Lương Sơn (Mươ̒ng: Xa̭ Lương Xơn, Kinh: Xã Lương Sơn) is a commune of Phú Thọ province in the Northern Midlands and Mountains region of Vietnam created in 2025.

==History==
On April 17, 2025, to meet the urgent needs of the Policy to Arrange and Merge Administrative Units by the Government of Vietnam, the Hòa Bình Provincial People's Committee have promoted an extraordinary conference. The result of the conference was a Resolution on the dissolution of all rural-district level administrative units in the whole province, followed by another Resolution on the merging of communes and the establishment of new communes with their new names.
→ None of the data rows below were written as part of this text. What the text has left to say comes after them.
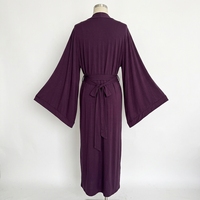 Robe kimono musulmane personnalisée avec logo, légère, ouverte sur le devant, col en V, longueur intégrale, fermeture à cordon, abaya de luxe écologique à séchage rapide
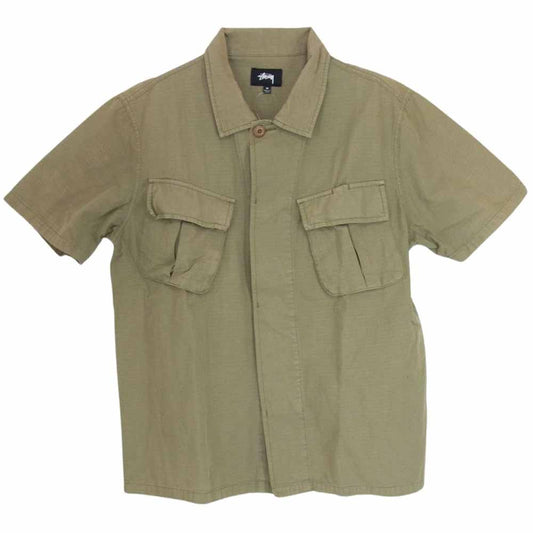 STUSSY ステューシー ポケット ワークシャツ 半袖 カーキ系 M【中古】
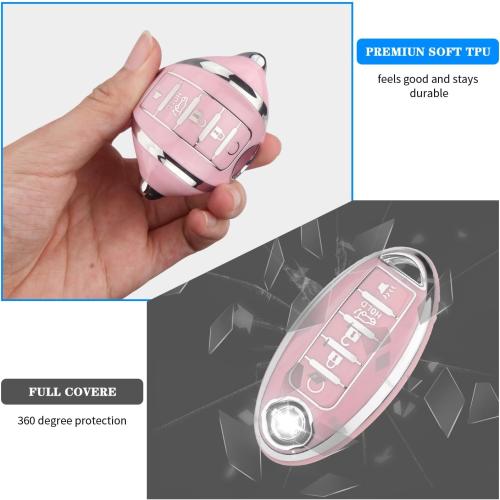QBUC for Nissan Key fob Cover,Soft TPU 360°Car Key Case Protector with Keychain Compatible with Altima Sentra Rogue Pathfinder Murano Armada Maxima Versa ect 5 Buttons Smart Keys(Pink)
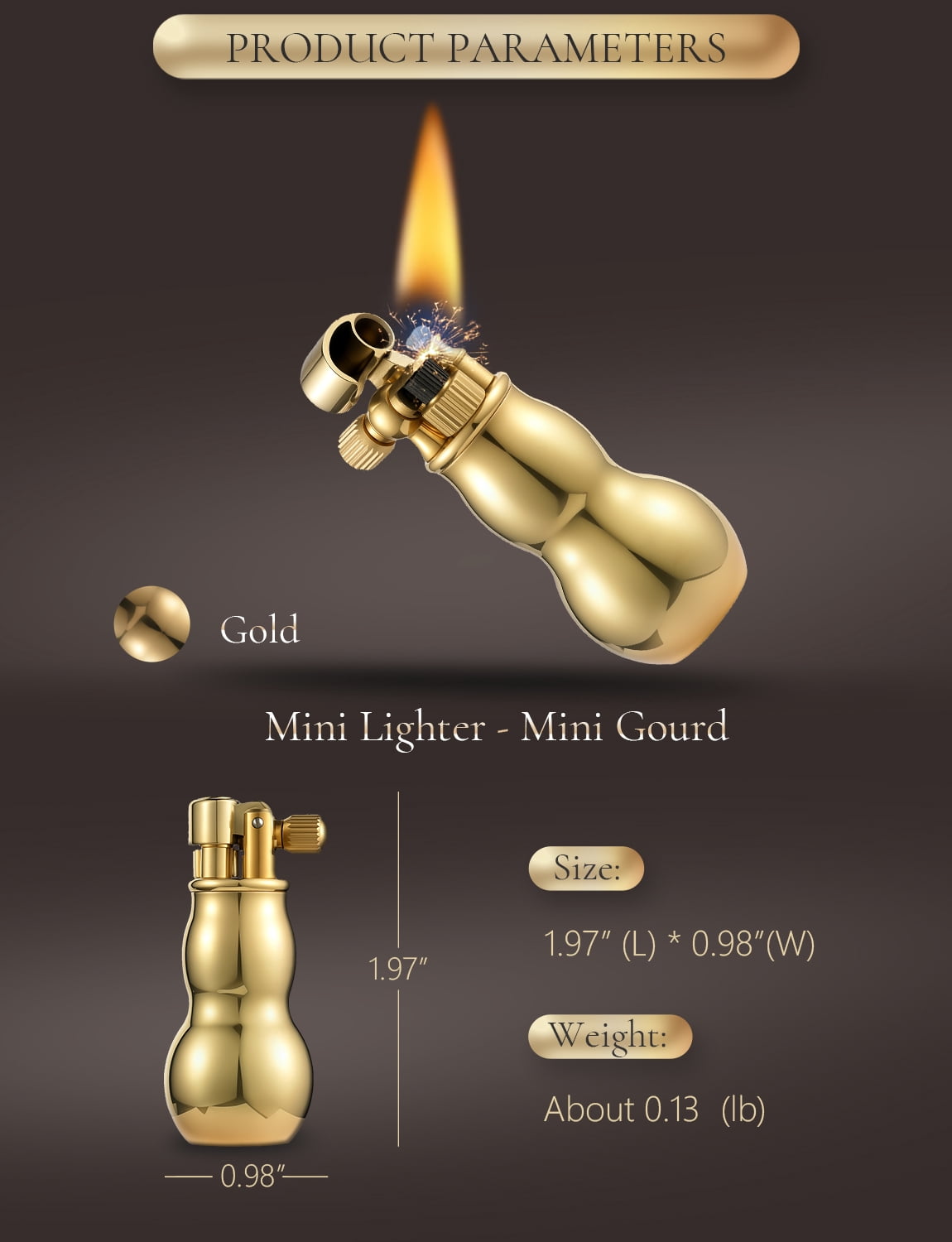 Swiss Vintage Mini Side-Slide Copper Kerosene Lighter,Refillable, Flip-Top, Grinding Wheel, Portable, Unique, Gift for Men, Thorens Gourd
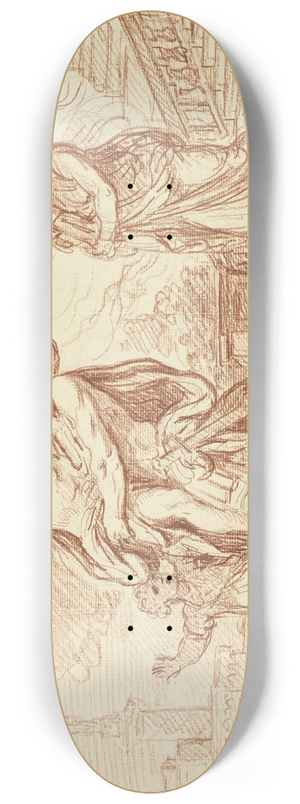 Augustin Pajou - Aeneas Fleeing with Anchises from the Ruins of Troy 8.25 inch art skate deck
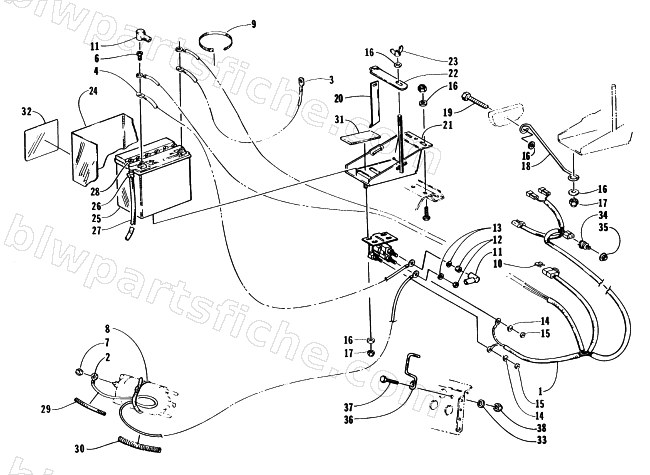 BATTERY, SOLENOID, AND CABLES diagram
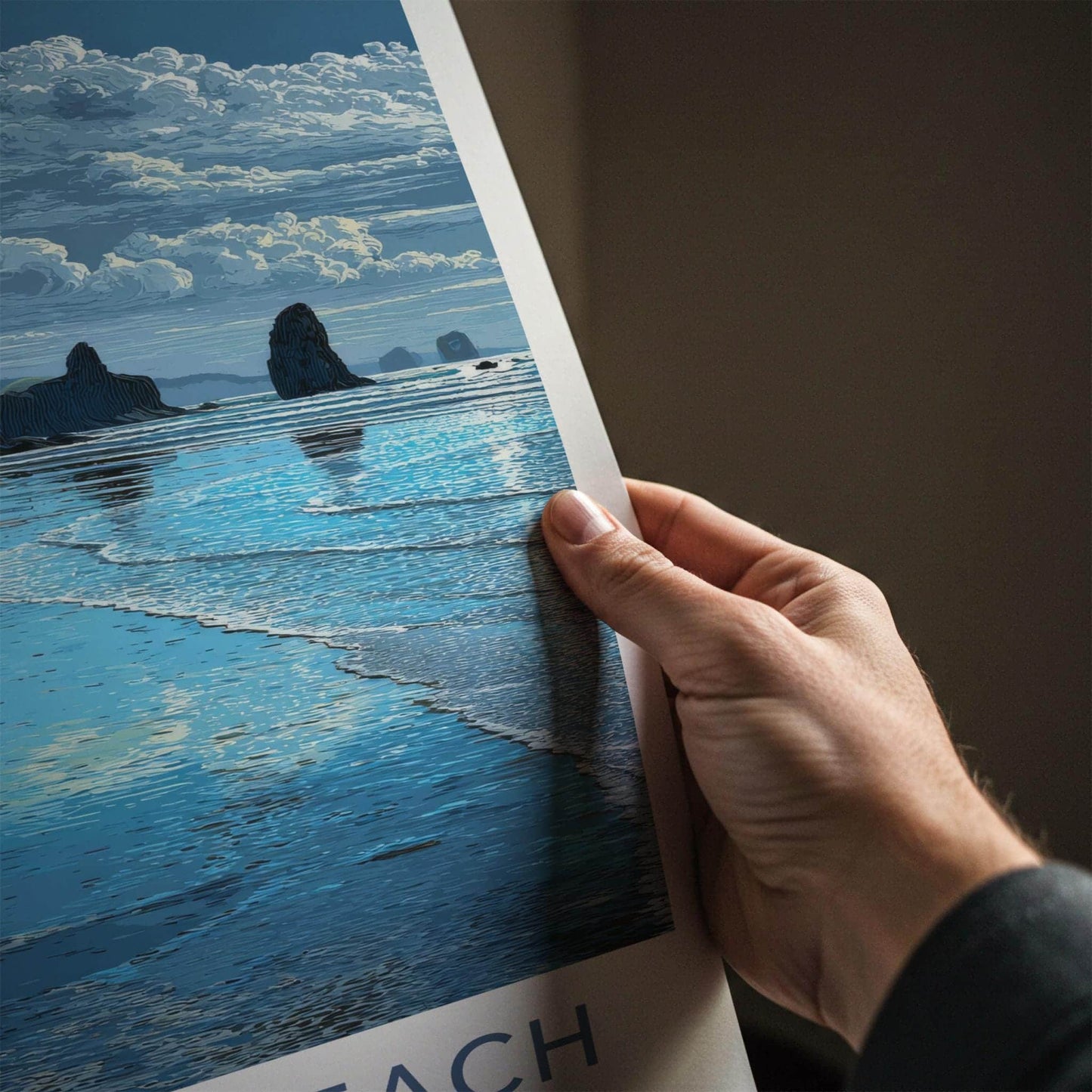 Cannon Beach Poster - Oregon Travel Art - Haystack Rock Beach Wall Decor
According to the political document officially published for the media, Lương Sơn township (Thi̭ chấn Lương Xơn, thị trấn Lương Sơn) was also dissolved. Its entire area and demography have been merged with the same ones of :
- A part of former Cao Sơn.
- Four former communes Hòa Sơn, Lâm Sơn, Nhuận Trạch, and Tân Vinh.
This new administrative unit is called as Lương Sơn commune (xa̭ Lương Xơn, xã Lương Sơn), what inherits most of the cultural and historical heritage of the former rural-district level. Lương Sơn commune is directly under the management of new Phú Thọ province. (Note: It includes the entire area and population of three provinces Hòa Bình, old-Phú Thọ and Vĩnh Phúc.)